A few months ago, in New Overtime Rules May Affect Nonprofits (October 2, 2023) and More on the Proposed Overtime Regulations (October 5, 2023) we alerted you that “…as soon as early 2024, there could be a seismic shift in federally mandated worker compensation …. ” That’s because, under proposed Department of Labor regulations “… implementing the landmark Fair Labor Standard Act of 1938, U.S. employers across the board could be required to pay overtime for many more workers than under existing rules.”
The designated public-comment period was extended several times until February 15, 2024. As expected, the DOL has been receiving quite an earful pro and con. Recently, officials announced they will be ready, in any event, to publish the final regulation by about the end of April. The effective date will likely be soon afterward.
It’s not a question of whether more workers will be eligible for overtime if they clock in extra hours; there will be significant numbers of employees reclassified correctly (as they should have been all along) as hourly, non-managerial workers. The open question is how high the federal government will raise the compensation cutoff for determining who is a salaried (i.e., managerial-type) worker not entitled to overtime. The higher the cut-off, the more people in an organization will be overtime-eligible.
There’s an important caveat, though, for nonprofits in certain jurisdictions including California. The new federal rule will make little or no difference because of prior state-level upward adjustments of the overtime compensation-cutoff level for workers in their jurisdictions.
However, in the remaining states that have not revised their formulas higher, nonprofit experts urge organizations there to prepare for “the eventuality of higher thresholds going into effect ‘at some point in 2024.’” See Don’t Panic (Yet): What Your Nonprofit Needs to Know About the (Latest) New FLSA Overtime Rule (Updated: September 2, 2023), 8 pp. PDF, ncnonprofits.org. “Nonprofit organizations ‘will likely need to make adjustments to the pay and work plans for affected employees. These range from: raising salaries above the new threshold (estimated to end up somewhere between $55,000 and $60,000)’; reclassifying employees as non-exempt and assuming the expense of overtime pay, or adopting one of “more than a dozen other options laid out in this analysis.”
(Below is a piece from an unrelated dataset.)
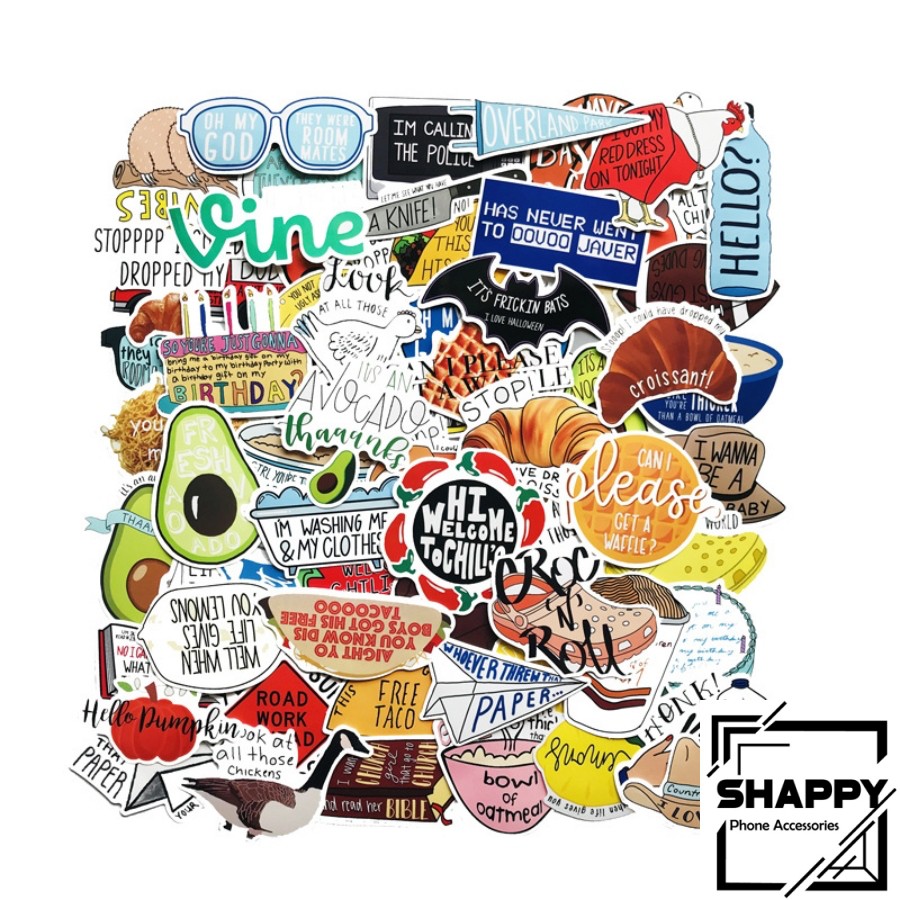 Sticker Dán VINE PVC Chống Thấm Nước | Dán Laptop - Dán Nón Bảo Hiểm - Dán Xe - Dán Vali [Shappy Shop]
That booklet from last September has eight bullet points of advice. The final one from the North Carolina Center for Nonprofits is: “Panic! (But only do this if you are reading this article for the first time after the final rule has been published and taken effect!)”
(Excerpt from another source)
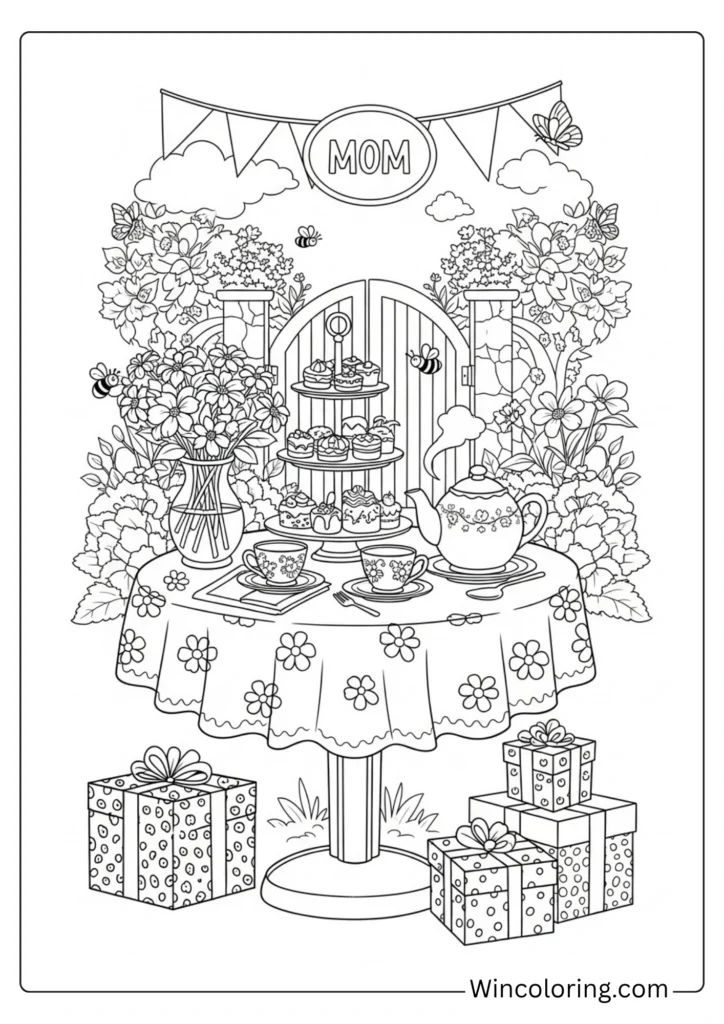 Mother's Day tea party in the garden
There are still several weeks before the new overtime final regulations are published and go into effect, but – fair warning – there will be significant changes that will cost employers much more money. Many more workers will be eligible for overtime pay than before.
On January 10, 2024, the plot thickened.
The United States Department of Labor published a new final regulation on employee vs. independent contractor status, with an effective date of March 11, 2024.
This new rule arises – like those overtime-pay changes coming down the lane shortly – under the landmark federal Fair Labor Standards Act of 1938. Enacted late in the Depression Era, this statute was a hallmark of the New Deal, offering multi-faceted protections and benefits to workers, including (affirming) the right to form unions.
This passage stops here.